Unas desafortunadas declaraciones que hizo la diputada Diana Conti hace un tiempo –reveladoras también de su ignorancia acerca del funcionamiento del sistema parlamentario– han servido para crear toda esta confusión. Es innegable que muchos militantes K, como en la época de Menem, desean la reelección de quien les garantiza la continuidad de sus privilegios. Pero esto no se consigue con el sistema parlamentario que, como bien ha señalado Binner, acabaría con el populismo vernáculo. Lo lamentable es que este juego de suspicacias nos hace desviar del tema central que debiera responder a la siguiente pregunta: ¿funciona bien nuestro régimen presidencial?

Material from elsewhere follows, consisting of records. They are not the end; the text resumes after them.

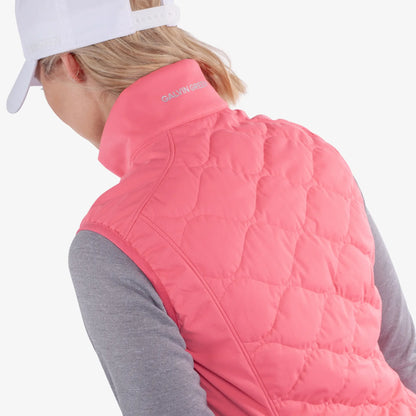 Windproof and water repellent golf vest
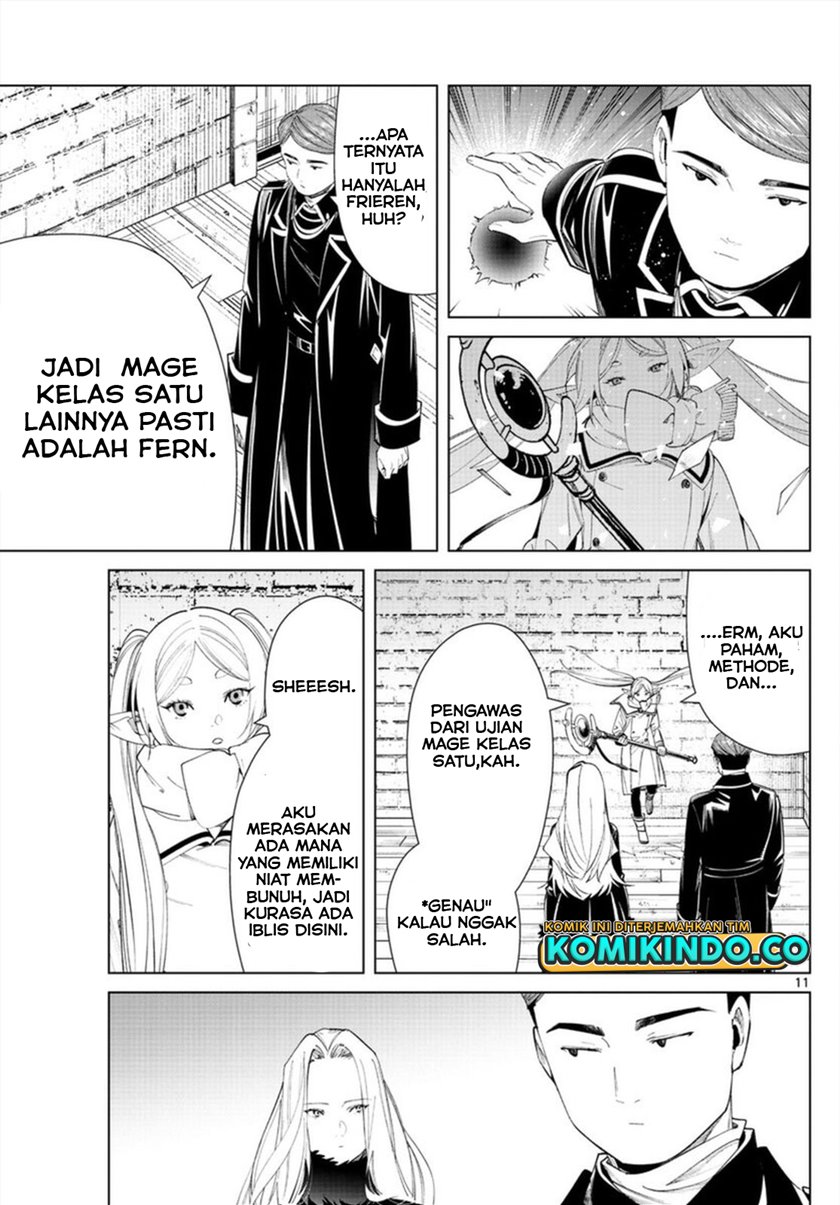 Sousou no Frieren Chapter 71 Gambar 12
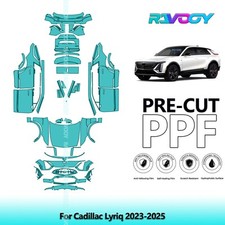 PreCut Paint Protection Film PPF For Cadillac Lyriq 2023-2025 picture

Todas las quejas que se formulan sobre el "hiperpresidencialismo" remiten, en el fondo, al funcionamiento descarnado de nuestro régimen político. Si el presidente dicta DNU y se salta al Congreso; si maneja el presupuesto como si fuera la caja negra de un capo mafioso, para dar premios a los gobernadores e intendentes amigos y castigar a los insubordinados; si toda la administración pública es colonizada por funcionarios-militantes que dedican su tiempo a una labor facciosa; si el clientelismo canaliza caudalosos recursos públicos, etc. etc. todo se lo debemos a la incapacidad del sistema institucional para contener a nuestro gran Leviatán.

A las constituciones, como a los coches, conviene revisarlas cada cierto período de tiempo. Si una nueva generación de jóvenes se integrara a la vida pública, debiera tener la posibilidad de abrir un debate sobre la calidad de las instituciones que ha recibido de la generación precedente. De modo que bienvenido sea el debate sobre los achaques de nuestro sistema presidencialista, inaugurado en la Constitución de 1853, es decir con más de 150 años de agotadores servicios sobre sus espaldas.